Given that training can be lengthy and computationally demanding, a checkpointing mechanism was implemented: at the end of each generation, the full population is saved to disk, allowing the process to be resumed after potential interruptions.

To assess the progression of the algorithm, convergence metrics are derived from the population. These include the mean and standard deviation of the weights, as well as the diversity of activation functions across parameters. An example of the recorded convergence data is shown in Figure:
![Convergence Metric](img/ConvergenceMetric.png)

We can observe a transition in the heat map when the mutation rate of the activation function is reduced.

### Assessment

The assessment is done by comparing the performance of different bot configurations.

**Bots used:**
- **AIFBotMCTS**: our bot described earlier that uses MCTS with a specified evaluation function as a parameter.
- **BoundedDS**: a bounded-depth search bot that uses a specified evaluation function to evaluate the state and pick the move that leads to the best state after a fixed depth.
- **RandomBot**: selects moves uniformly at random.

**Heuristics considered:**
- **WeightedUtilityFunction_MMHVR**: the engineered version of the MMHVR heuristic.
- **WeightedUtilityFunction_MMHVR_plain**: the plain version of the MMHVR heuristic.
- **utilityFunction_PrestigeAndPower**: a simple heuristic that sums the prestige and power of the player.


#### Experiment

Here is a list of the initial configurations required to run all experiments.

In [None]:
from ExampleBot.RandomBot import RandomBot
from HeuristicLearning.EvolutionaryHeuristic  import Individual
from bots.AIFBot_MCTS import AIFBotMCTS, MCTSenum
from bots.BoundedDS import BoundedDS

from BotCommon.Heuristics import WeightedUtilityFunction_MMHVR, WeightedUtilityFunction_MMHVR_plain, utilityFunction_PrestigeAndPower
from Helper.GameManager import TryAsFirstAndSecondPlayer

HIDE_PRINT = False
RUN_NUM = 100

THREAD_NUM = 5

DEPTH = 2

this experiment aims to establish whether our heuristic is effective by testing if it can outperform a bot that plays randomly.

In [None]:
bot_random           = RandomBot(bot_name="RandomBot")
bot_BoundedDS_WMMHVR = BoundedDS(bot_name="BDS_WMMHVR", depth=DEPTH,evaluation_function=WeightedUtilityFunction_MMHVR)

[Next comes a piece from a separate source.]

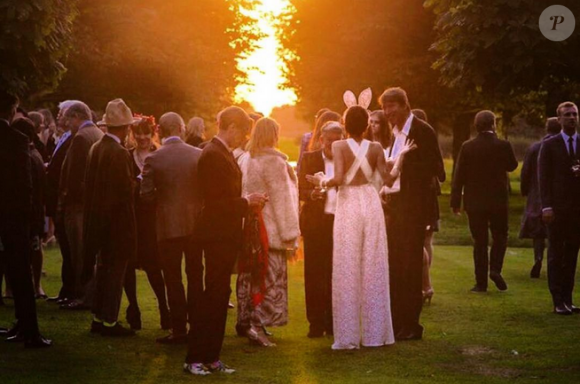 Photo Instagram, au coucher du soleil, du mariage d'Ashley Hicks (cousin du prince Charles et filleul du duc d'Edimbourg) et de Katalina Sharkey de Solis début septembre 2015 à The Grove, domaine familial des Hicks dans l'Oxfordshire en Angleterre. Ils se sont rencontrés en mai via Instagram. Pour leurs noces, la mariée portait des oreilles de lapin et le marié a enfilé une tête de coq au moment de prononcer ses voeux.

TryAsFirstAndSecondPlayer(bot_BoundedDS_WMMHVR, bot_random, runs=RUN_NUM, threads=THREAD_NUM, hide_print=HIDE_PRINT)

In [None]:
# PLAYER 1: BDS_WMMHVR | PLAYER 2 : RandomBot
# Stats from the games played:
# Final amount of draws: 0/100 (0%)
# Final amount of P1 wins: 100/100 (100%)
# Final amount of P2 wins: 0/100 (0%)
# Ends due to Prestige>40: 65/100 (65%)
# Ends due to Prestige>80: 0/100 (0%)
# Ends due to Patron Favor: 35/100 (35%)
# Ends due to Turn Limit: 0/100 (0%)
# Ends due to other factors: 0/100 (0%)
#
# PLAYER 1: RandomBot | PLAYER 2 : BDS_WMMHVR
# Stats from the games played:
# Final amount of draws: 0/100 (0%)
# Final amount of P1 wins: 0/100 (0%)
# Final amount of P2 wins: 100/100 (100%)
# Ends due to Prestige>40: 75/100 (75%)
# Ends due to Prestige>80: 0/100 (0%)
# Ends due to Patron Favor: 25/100 (25%)
# Ends due to Turn Limit: 0/100 (0%)
# Ends due to other factors: 0/100 (0%)

This experiment serves as a baseline for the heuristic and tests whether it can outperform a simpler, effective heuristic, namely **Max Prestige**, which simply sums the prestige and power of a given state.
As the simplest heuristic that produces meaningful results, it is used as a secondary baseline.

In [None]:
bot_BoundedDS_MAXPRESTIGE = BoundedDS(bot_name="BDS_MAXPRESTIGE", depth=DEPTH,evaluation_function=utilityFunction_PrestigeAndPower)
bot_BoundedDS_WMMHVR = BoundedDS(bot_name="BDS_WMMHVR", depth=DEPTH,evaluation_function=WeightedUtilityFunction_MMHVR)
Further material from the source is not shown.